Two Books
Now that my family castle lies mostly abandoned except for occasional visits from my sons, I have created what I call a shrine room. Hindu friends know well what I am talking about as their homes all have one even if it is only a closet. This room is a special place for meditation, contemplation and prayer. In mine, there is a Cross surrounded by candles on a table with a chalice and plate, there is a kneeling bench, and there is a relief sculpture rendering of St. Francis hanging on the wall next to a framed copy of his popular prayer. But there is also a Buddha box where Kwan Yin lives in my house. If I was really serious, then I would close the doors and let her sleep during the late evening. I forget, so she sits there staring at the darkness all night long – I need to repent of that breach in my spiritual practices.
Now I can hear my fundamentalist and more conservative colleagues here in 7 villages saying “I told you so.” This self-proclaimed post-modern inclusivist worships pagan Gods. First, I don’t worship Kwan Yin any more than I worship St. Francis. Also, even if we want to quibble with words, Kwan Yin is not a God, but technically a Bodhisattva, a manifestation of the Buddha (sort of like John the Baptiser was a manifestation of Elijah) whose compassion will not let her claim her place in Nirvana where suffering ceases. As she waits until all can enter together, she returns to a life of service. Not a bad idea to chew on for a while.
There is another contemplation station in my shrine room which tries to hold symbolically some of the questions emerging in this essay. On the top of a chest of drawers, I have left two books standing side by side. There is one of my father’s copies of the Oxford Annotated NRSV Christian Bible. It stays in the shrine room. I have my own well worn copy in my study. Standing next to it is one of my copies of the Tanakh. This is the Jewish Publication Society translation and it was my study text somewhat ironically for my seminary basic course in the Old Testament.
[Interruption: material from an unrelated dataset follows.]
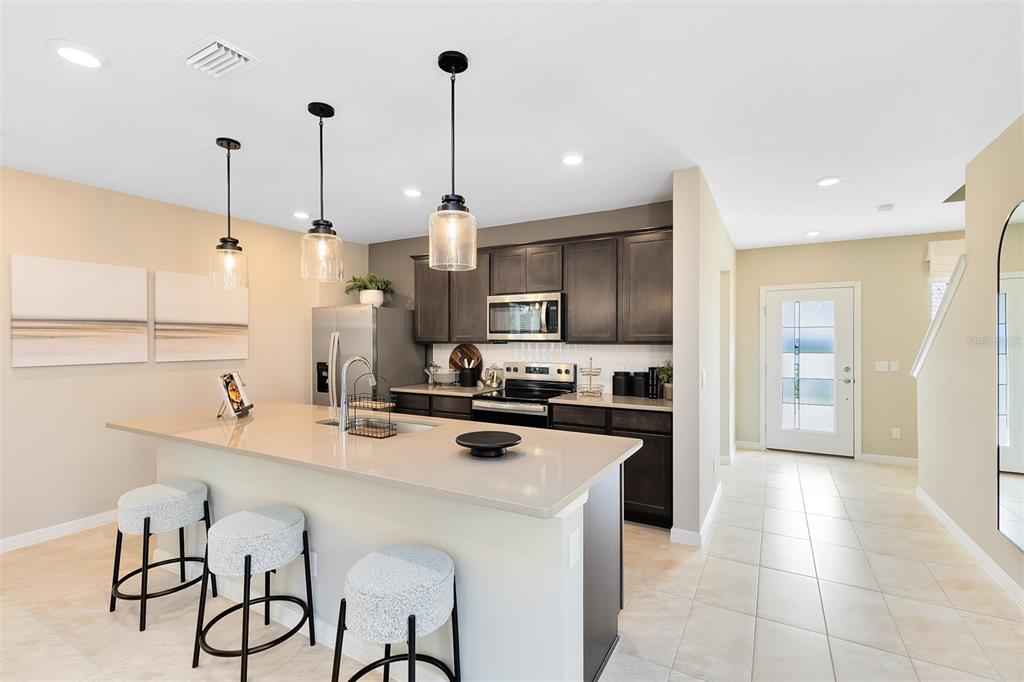 A kitchen features dark cabinets, a light-colored island with bar stools, and tile flooring — 5099 STARLING BIRD LANE, ST CLOUD, FL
Jaraslov Pelikan’s posthumously published study of the development of the canon(s) and the emergence of historical criticism is titled Whose Bible Is It? It raises more than one provocative question about the relationship between these two texts and the two faiths that claim them as holy writ. I will return to Pelikan soon. First let me step back a minute.
We might see in the relationship between Mark Twain’s two popular books, the Adventures of Tom Sawyer and the Adventures of Huckleberry Finn an admittedly weak but still instructive analogy. Is the first book simply preparation for the latter. Can one read the latter seriously without knowing the first? Aren’t they really a two volume set or do they stand each on their own bottom.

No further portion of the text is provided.